I’m not sure why you think F-Droid is moving away from supporting FOSS software, though. The post made it pretty clear this is about allowing greater freedom for those developers who want to sell or monetise their work. Nowhere does it state or suggest that F-Droid will only feature paid or proprietary apps going forward. As I said in another comment, if there are filters within the F-Droid app store then there is no reason to be concerned by this news. This isn’t an all-or-nothing situation where F-Droid has to sacrifice all of the things that make it great to become a direct competitor to the Play Store.
I think this train of thought fundamentally misunderstands how usability works and how positioning works. But hey, I don’t own this, I don’t have a stake on this and I already have F-Droid installed. At a glance it seems like a bad move that makes a thing I use less useful and more like a bunch of things I don’t use. We’ll see where it goes.
I think this train of thought fundamentally misunderstands how usability works and how positioning works.
How so? You seem to be making a lot of assumptions about the intentions of the project without citing anything from the post itself.
I’m a bit of a fence sitter on the actual issue, I love F-Droid as is and fear change, but I’ll say as someone who thinks they’ll release on Google Play in the general future, the thing that pisses me off most about Google Play is they have a “repetitive content policy” which disincentivizes you from releasing a full paid app and a demo app. The main issue is, I don’t want my app to categorize as “in-app purchases” if the only purchase is the “unlock full version”, because that doesn’t distinguish my app from any unethical whale-hunting casino-for-children microtransaction apps, and I don’t want my app to claim to be free if it’s just a demo.
At least, from a pro-user, communicate everything clearly, perspective, I feel that Google is compelling devs to dark-pattern-by-default on this subject.
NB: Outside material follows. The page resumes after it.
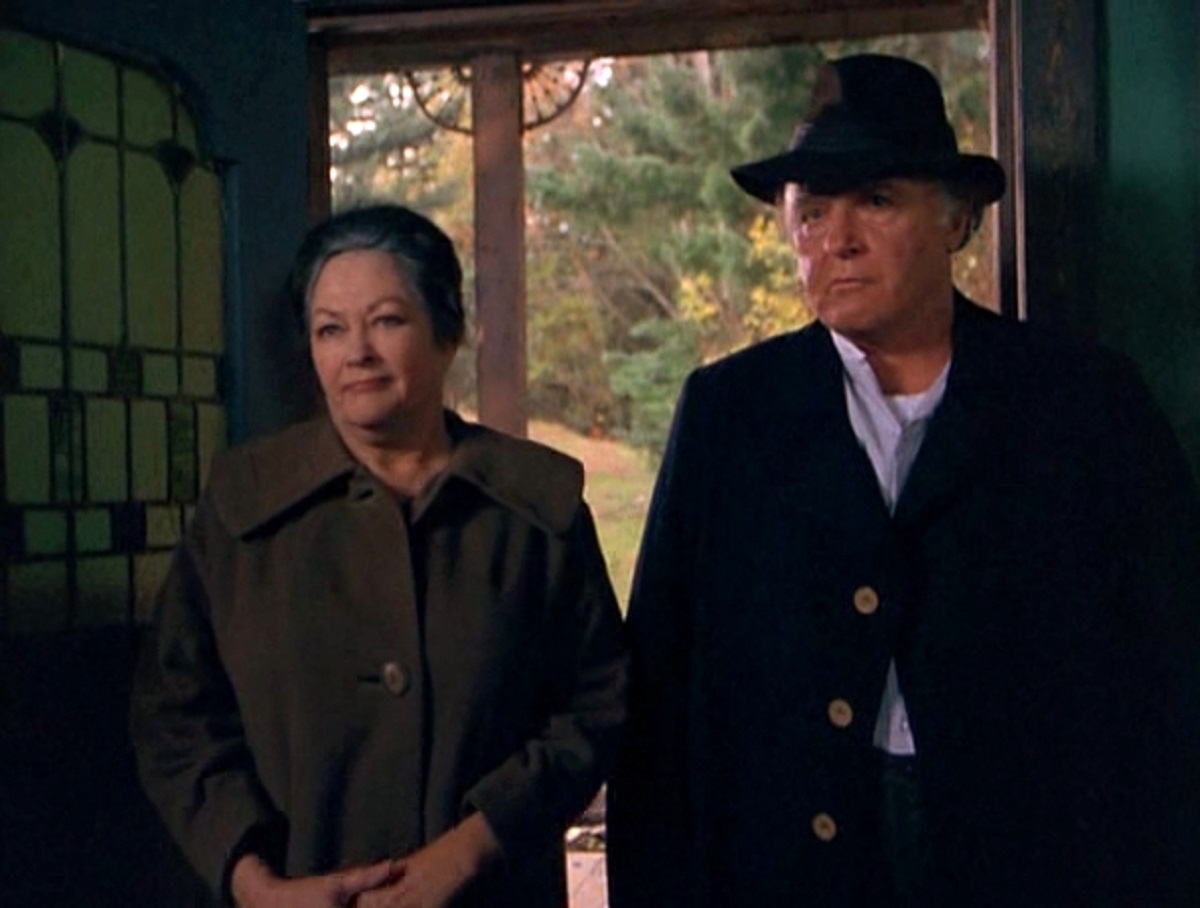 Family patriarch Rod Steiger and wife Yvonne de Carlo in American Gothic (1987)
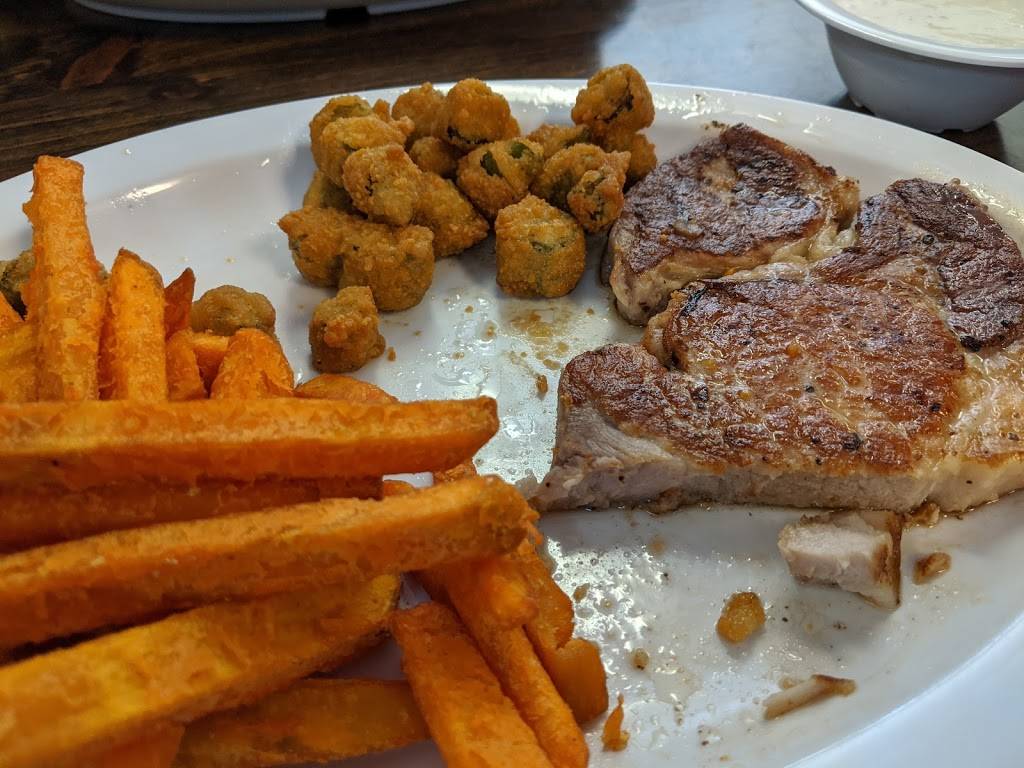 Country Barn Cafe | restaurant | 575 S Wickham Rd st g, Melbourne, FL 32904, USA | 3218373725 OR +1 321-837-3725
LMK if I’m wrong about any of that.
If it is a pay what you want model I am all for it. This would be similar to how elementary OS st
The problem with a fixed price is you have to always calibrate it according to the economy of the user’s geolocation. What is cheap for a person from a developed world may be unaffordable for a third world county.
I would be totally down with a pay what you want model with most proceeds going to devs.
Basically a prompt to donate to the devs with 5-10% going to the package manager.
Some apps I’ve used are totally worth $1-$5
Maybe it should be a pay what you want but it doesn’t charge you for a week. So you can use the app and then decide whether to up the price if it’s useful or cancel the payment if it doesn’t work for you.
I like the delayed charge since you can’t return a donation.
Something like a default of 14 days adjustable to 0-30 or reoccurring (default annual).
This is all turning into a nice idea into an alt android package manager you can sub to repos.
Ads, no, are not ok. F-droid can fuck right off if an ad appears, I’ll just get apks from github
This is a good right to mention Obtanium, which is an app that basically streamlines that
Those same apks would also include ads. What makes you think if the developer has ads on fdroid, he won’t on github?